Улав все оттягивал и оттягивал исповедь. Он не знал, что ему говорить исповеднику. Ведь Ингунн-то еще не была на исповеди: брат Вегард был и ее духовным отцом, а он не покидал монастыря уже шесть недель. Так Улав и сидел в домике для женщин и никуда не ходил, кроме церкви.

В среду же на страстной неделе он решил, что долее тянуть нельзя, и брат Вегард обещал ему прийти в церковь в назначенный час. На дворе стояла весна, когда же он из бокового двора вошел в монастырскую церковь, ему показалось, что там холодно и темно. Брат Вегард уже сидел на своем месте на хорах и читал книгу, которую держал на коленях; поверх белой рясы на нем была пурпурно-синяя епитрахиль. Через высокое окошечко луч света падал на картины, намалеванные над скамьями монахов на хорах, освещал образ Спасителя, изображенного двенадцатилетним отроком среди фарисеев. «Господи боже мой, – молился про себя Улав, – пошли мне мудрости сказать то, что мне должно сказать, не более и не менее!» Потом он опустился на колени перед священником и начал исповедь. Отчетливо и подробно перечислял он свои грехи против десяти заповедей божьих, сказал, кои он нарушил, а кои, по его разумению, соблюл – у него было много времени обдумать свою исповедь. Под конец приступил он к самому тяжкому:

– А еще каюсь я, что есть человек, к коему питаю столь сильную злобу, что простить его мне безмерно трудно. Этот человек был мною горячо любим; когда же я узнал, что он жестоко обманул меня, почувствовал я в тот же миг такую горечь, что одолела меня жажда убить его и прочие нечистые, жестокие желания и злые мысли. Господь вразумил меня в тот раз, и я обуздал себя. И все же столь тяжко мне питать сострадание к этому человеку, что, боюсь, никогда не смогу я простить его ото всей души, коли господь не дарует мне свою щедрую милость. Однако боюсь, святой отец, что не могу более ничего сказать об этом.

– Уж не оттого ли, что боишься выдать грех другого человека? – спросил брат Вегард.

– Да, отче. – Улав тяжело перевел дух. – Оттого-то мне столь тяжко простить его. Кабы я мог все сказать здесь, мне, верно бы, полегчало.

– Подумай хорошенько, Улав, не мнится ли тебе, что буде бы ты мог свободно говорить о том, как твой ближний погрешил перед тобою, твои собственные мысли, жажда убийства и ненависть оправдались бы по праву того, что мы, грешные люди, называем справедливостью?

– Да, отче.

Монах продолжал:

– Ненавидишь ли ты своего врага столь сильно, что мог бы пожелать ему несчастья в земной жизни и вечную погибель в мире ином?

– Нет.

– А желаешь ли ты ему, чтоб и он мучился иной раз и горько каялся?

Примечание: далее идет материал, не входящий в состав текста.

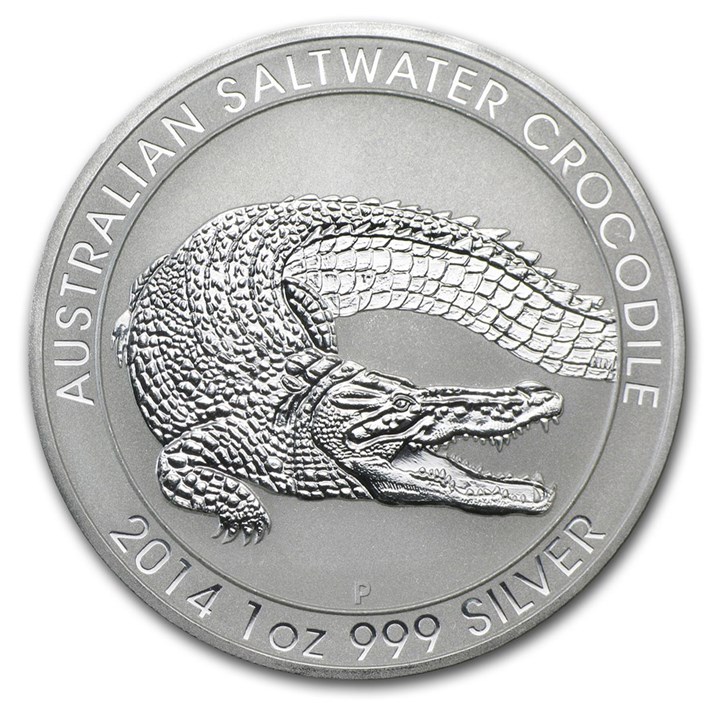 Australia 1 Dollar 2014 Saltwater Crocodile 1 Oz Sølv UNC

– Да. Ибо я сам буду скорбеть оттого до конца дней своих. И боюсь, что коли бог не явит мне свое знамение, не будет никогда в душе моей покоя, гнев и злая воля станут то и дело закипать во мне, ибо сие повредило всей моей жизни – благополучию моему и уважению людей, доколе живу на земле.

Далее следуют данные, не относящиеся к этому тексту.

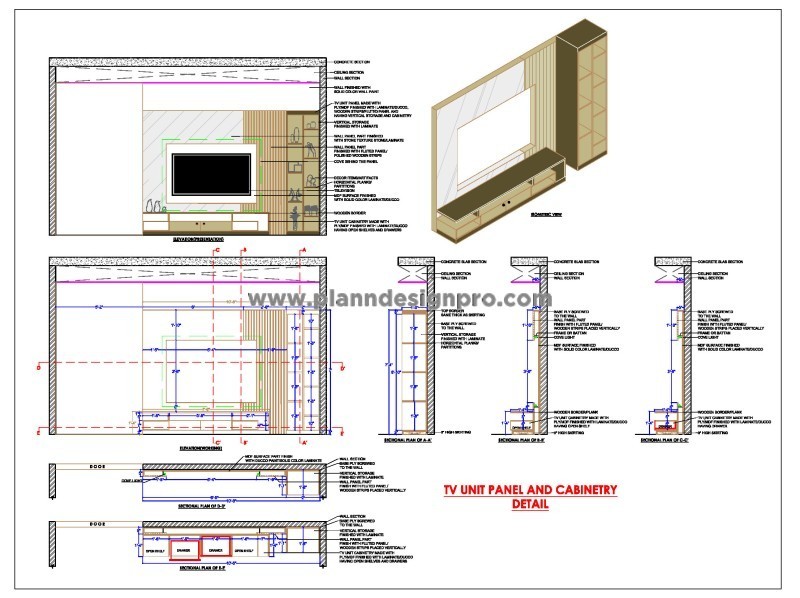 TV Unit AutoCAD Design with Vertical Storage & Open Shelves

– Сын мой, если ты станешь ото всего сердца просить господа даровать тебе силы простить виноватого, то знай, что он услышит твою молитву – так было всегда. Но ты должен молиться чистосердечно, не так, как тот человек, о котором рассказывает святой Августин: он просил, чтобы бог смилостивился и послал ему жизнь непорочную, только не сразу же; люди часто просят научить их прощать своих недругов. Не падай же духом, коли бог заставит тебя молиться долго и истово, доколе ниспошлет тебе свою милость.

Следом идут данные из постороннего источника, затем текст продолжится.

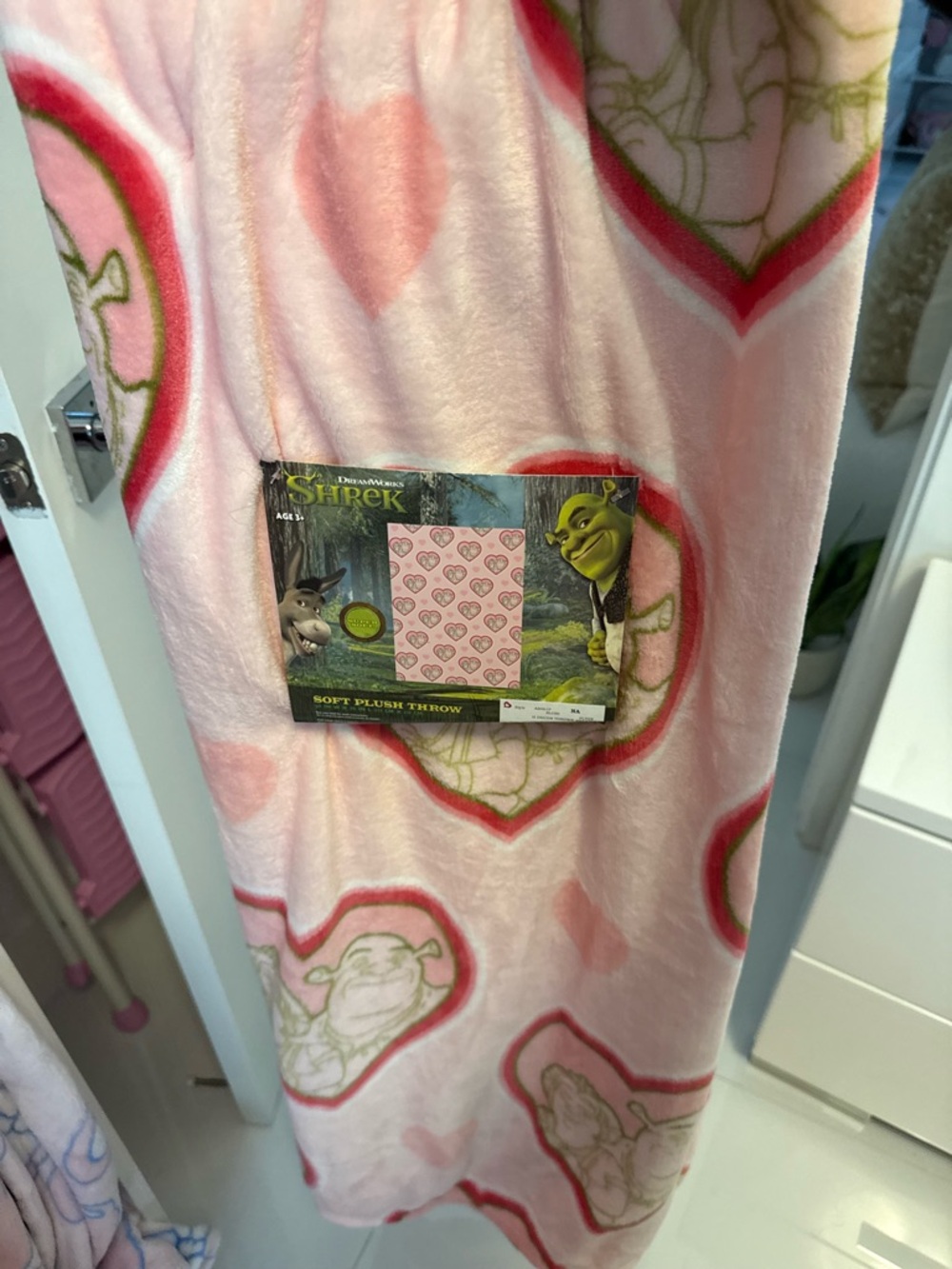 Dreamworks Shrek Pink Heart Plush Throw Blanket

– Да, святой отец. Но боюсь, что не смогу всякий раз обуздать себя, покуда ожидаю, что он услышит мои молитвы.

Монах помедлил с ответом, и Улав сказал горячо:

– Ибо то, святой отец, что мой друг причинил мне, повернуло всю мою судьбу вспять. Не смею о том поведать, однако мне тяжко и горестно. Кабы я мог сказать более, ты бы понял, что человек этот взвалил мне на плечи тяжкую ношу.

– Вижу, что тяжко тебе, сын мой. Молитва укрепит тебя. Ты нынче в страстную пятницу подойдешь целовать крест; гляди на него пристально и думай про себя о том, что и твои грехи отягощали ношу Христа, когда он взвалил себе на плечи все грехи наши. Станешь ли ты, крещеный человек, раб божий, тогда думать, что тебе не снести ту ношу, которую твой друг взвалил на тебя?

Улав склонился так низко, что коснулся лбом колена монаха.

– Нет, нет, не думаю, – прошептал он неуверенно.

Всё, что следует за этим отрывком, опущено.